What I'm trying to get at is the actual mechanical initial timing which you would see at cranking speed or around 600 rpm.
What happens now is the lower the idle goes the lower the timing is so if the rpm drops say at a stop light the engine feels like it wants to die.
Then the engine hesitates as you leave the stop light because the timing drops again with rpm.

The Goal would be to have the real initial timing set at 16 degrees which would be the rock bottom possible, then limit the mechanical advance to 18* (9* at the distributor) so the total timing would be 34*. Bill can do the distributor advance for you if you don't want to.
Then hook the vacuum advance back to the manifold port so the idle timing would be back in the 20s at idle.

Does the vacuum advance have the adjustment screw inside the canister?

The other part of this is (If you haven't already) the power valve needs to be lower before you can do any further carb tuning.

You are trying to tune a 250 six that has a cam with 11 degrees of .050" duration overlap. It will take some work.
 
I am picking up what you are putting down man.
I will get in it tomorrow and see what I can find out. I'm sure I can figure out the timing at 600 rpm.

It does have an adjustable vacuum can. I was reading up on that a few days ago.
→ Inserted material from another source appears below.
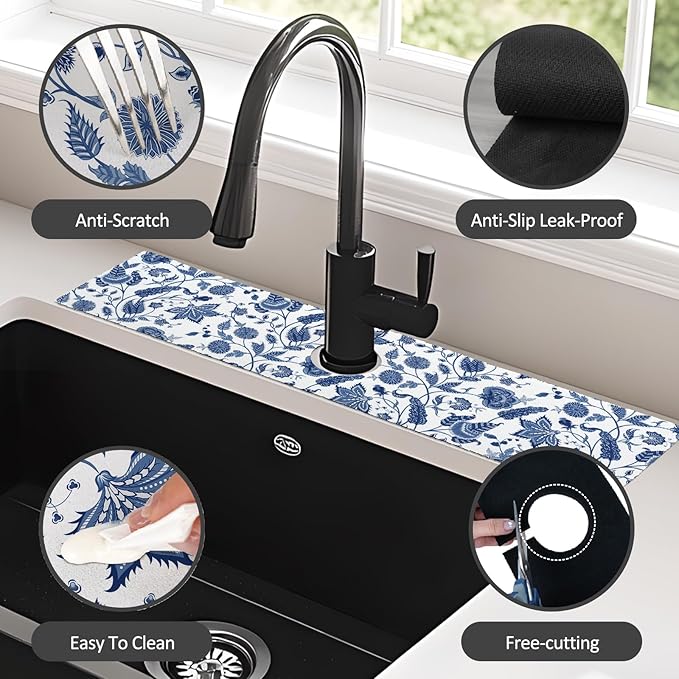 24" X 5.5" Kitchen Sink Splash Guard Faucet Mat Flora Super Absorbent Fast Drying Faucet Guard & Draining Mat Sink Splash Guard Behind Faucet for Kitchen, Bathroom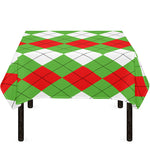 Red Green And White Argyle Pattern Print Tablecloth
I'm confident doing the work as long as I have yalls advice.
 
So I talked to bill and I've gotten the timing figured out.
It is set at 20* initial and then I hooked up the vacuum advance to the manifold vacuum which raised the rpms about 200-300 and then turned the curb idle down between 1100-1200 rpms with 32-34 degrees of vacuum advance. It is idling better and I don't have the drop in rpms that I did with the ported vacuum when I come to a stop sign. I did change the power valve out to a 5.5. Only had a few options at the parts store and that was the next size up from the 4.5 that would have matched my vacuum.

Now when I drive the AF ratio stays in the 13.5-14.5 range mostly in all driving conditions, however it does cruise at 80 on the interstate at around 14.5-16. Give it a little gas and it gets back in the 13s quick.
In first punching the gas gets me in the 11s, but does not stay there very long.

Now the only issue I have is this spot around 2700-3000 that the engine quits pulling for about a half second to a second and then it pulls hard. Kinda like it bogs down just a little and the catches up to its self.

Suggestions?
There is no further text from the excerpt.